Both of them were fairly well-established as recording artists before releasing their one full-length collaboration, 2003’s Open Wide This Window (credited, appropriately enough, to GlassByrd). Common Children released three albums, two of which are genuine alt-rock classics; Byrd was soon to join The Choir and begin recording atmospheric post-rock with the band Hammock. Glass had released two solo albums, both of which made a few waves on Christian radio without making her a bona fide star.

Open Wide This Window, oddly enough, was never followed by a sequel, although Glass continues to perform on almost every album with which Byrd is involved. Hammock has largely escaped the Christian-music ghetto—while Byrd has also done quite a bit of work with the more adult-contemporary sides of that same ghetto. This essay will not cover the Hammock albums—there are too many of them, and I haven’t listened to them—nor will it cover Byrd’s work with The Choir or the City on a Hill series. Instead, I’ll focus on the three Common Children album, the two Christine Glass albums, and Open Wide This Window.

GENRE TAGS (OTHER THAN ALTERNATIVE ROCK): Adult Contemporary, Art Rock, Grunge, Pop, Pop/Rock, Post-Rock

RIYL The Cranberries, Failure, Garbage, Alanis Morissette, Nirvana, Silverchair, Spiritualized, The Wallflowers

WHY DO I KNOW THAT NAME? Well, I talked about Byrd in my write-up on The Choir.
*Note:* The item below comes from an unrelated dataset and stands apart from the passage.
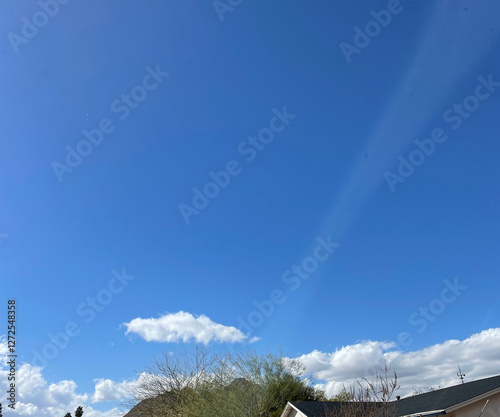 blue sky with clouds and rainbow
But you also might know him as the co-author of the modern worship classic “God of Wonders.” You are less likely to know Christine Glass, although Wikipedia says that her song “My Love Will Get You Home” is frequently played on Chinese television for some reason.

WHAT’S THEIR BEST SONG? Common Children’s “Entertaining Angels,” from The Inbetween Time, a perfect expression of a feeling that you can really only have at 2 a.m. in your early twenties.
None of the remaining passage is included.